924 01:28:08.280 01:28:11.549 Uttam Kumaran: But I want this team to be to be more self sufficient. We’re

925 01:28:11.830 01:28:19.740 Uttam Kumaran: we don’t have that many clients. We’re only working on a few things. So really want us to go, because before we bring on more people here, we really need to

926 01:28:20.200 01:28:26.365 Uttam Kumaran: feel like we’re we can take on even these. These sorts of smaller things end to end, you know.

927 01:28:27.720 01:28:28.460 Uttam Kumaran: Okay.

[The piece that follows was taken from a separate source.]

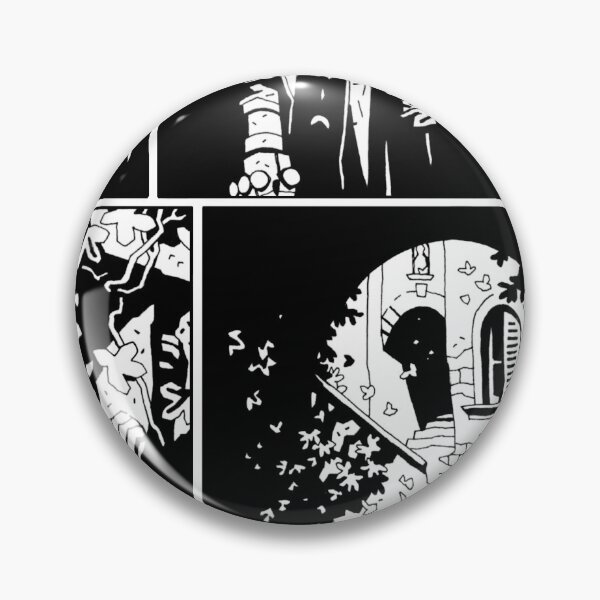 Item preview, Hellboy Panels Spooky and in Black and White by Mignola designed and sold by woodycompton.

928 01:28:29.290 01:28:29.810 Miguel de Veyra: Okay.

929 01:28:32.570 01:28:33.280 Uttam Kumaran: Cool.

930 01:28:33.710 01:28:36.539 Uttam Kumaran: Alright. Then I’ll I mean we’ll talk at. Stand up, but

931 01:28:36.960 01:28:40.589 Uttam Kumaran: let me know if I can come in and review anything else.

932 01:28:45.690 01:28:48.499 Uttam Kumaran: Thank you. Alright, thanks, guys, thanks, guys.

933 01:28:49.010 01:28:49.700 Uttam Kumaran: Bye.